• **Activity**
Pictures stay out; everything else in the records is to be copied exactly.

━━━ Source material

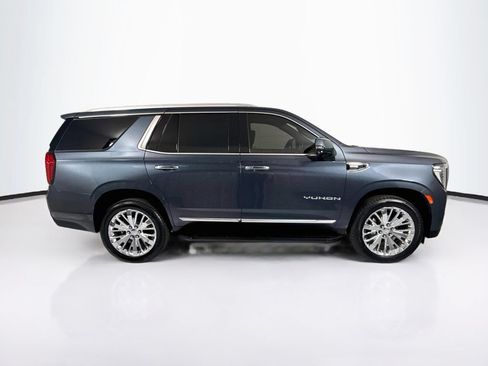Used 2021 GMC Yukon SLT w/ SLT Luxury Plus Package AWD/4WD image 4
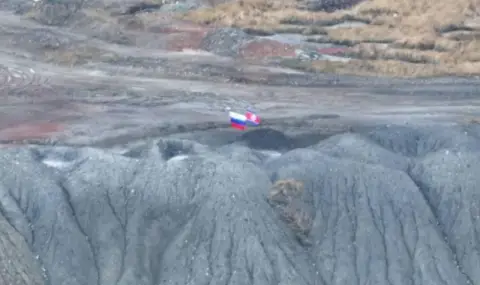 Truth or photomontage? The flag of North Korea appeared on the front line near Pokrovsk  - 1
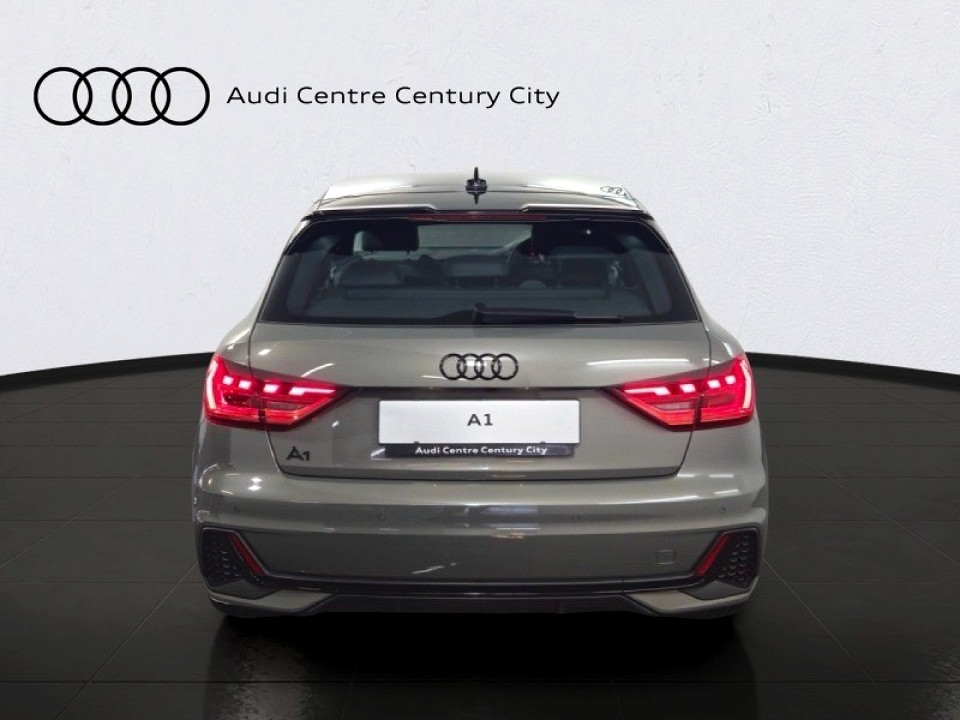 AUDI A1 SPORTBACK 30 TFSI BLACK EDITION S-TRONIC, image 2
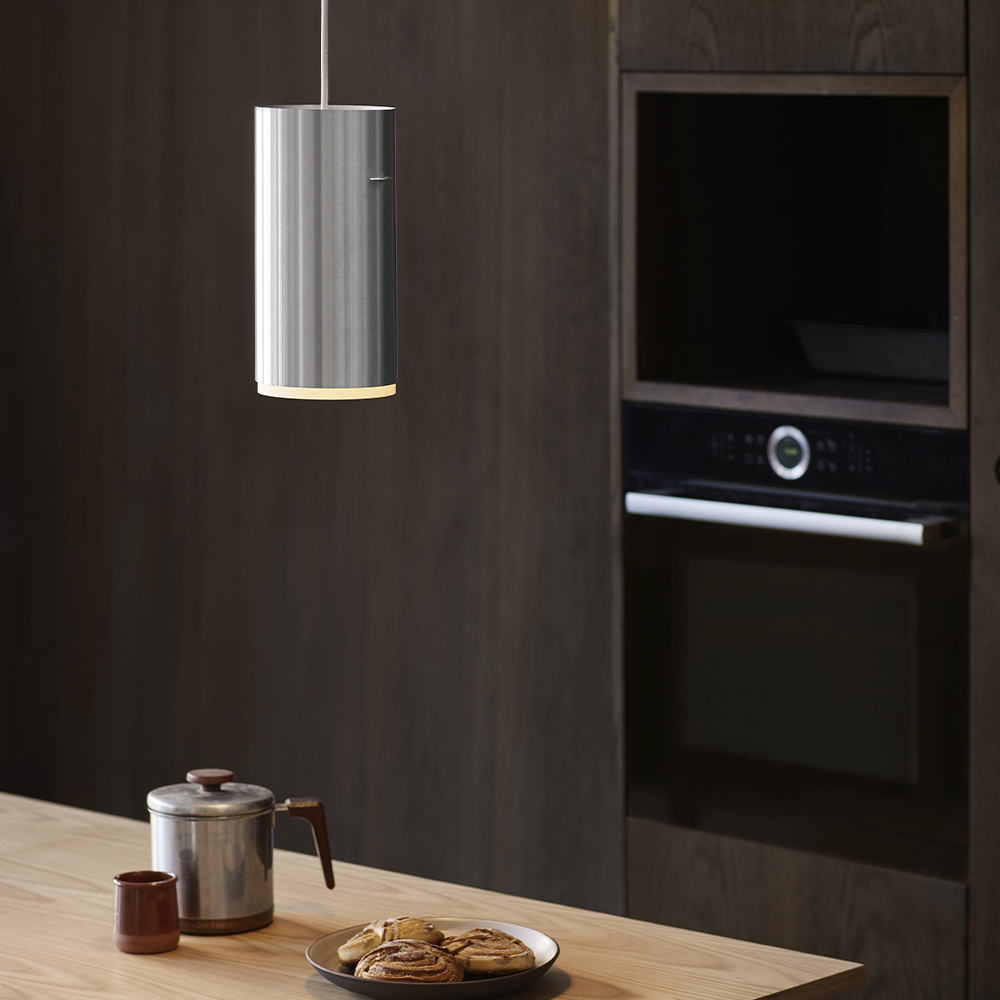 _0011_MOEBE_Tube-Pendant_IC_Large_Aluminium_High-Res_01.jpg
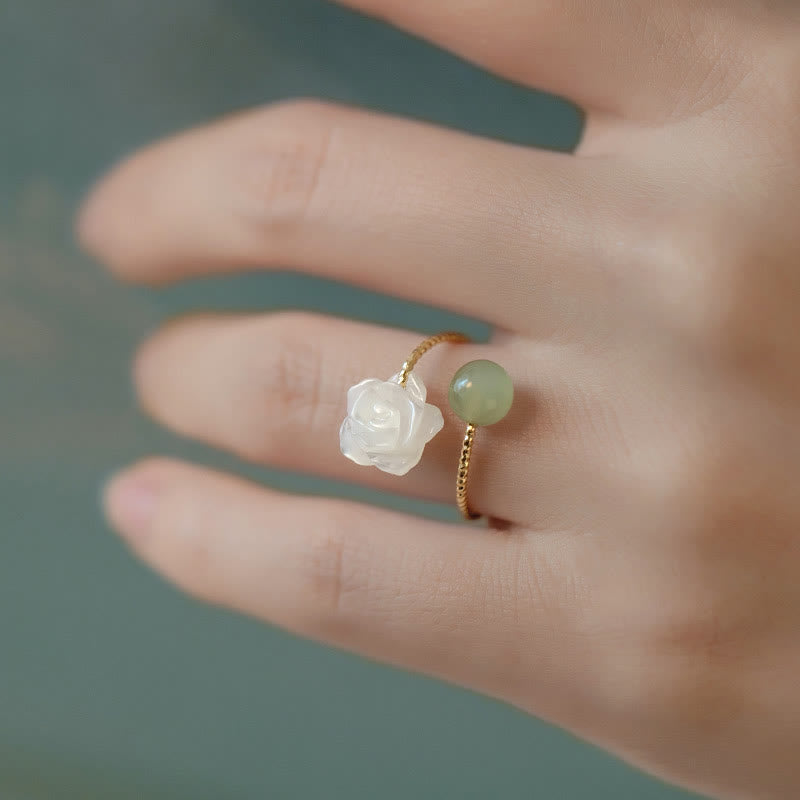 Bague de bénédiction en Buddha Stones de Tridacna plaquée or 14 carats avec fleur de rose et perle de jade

━━━━━━

• **Solution for this problem**
Used 2021 GMC Yukon SLT w/ SLT Luxury Plus Package AWD/4WD image 4
 Truth or photomontage? The flag of North Korea appeared on the front line near Pokrovsk  - 1
 AUDI A1 SPORTBACK 30 TFSI BLACK EDITION S-TRONIC, image 2
 _0011_MOEBE_Tube-Pendant_IC_Large_Aluminium_High-Res_01.jpg
 Bague de bénédiction en Buddha Stones de Tridacna plaquée or 14 carats avec fleur de rose et perle de jade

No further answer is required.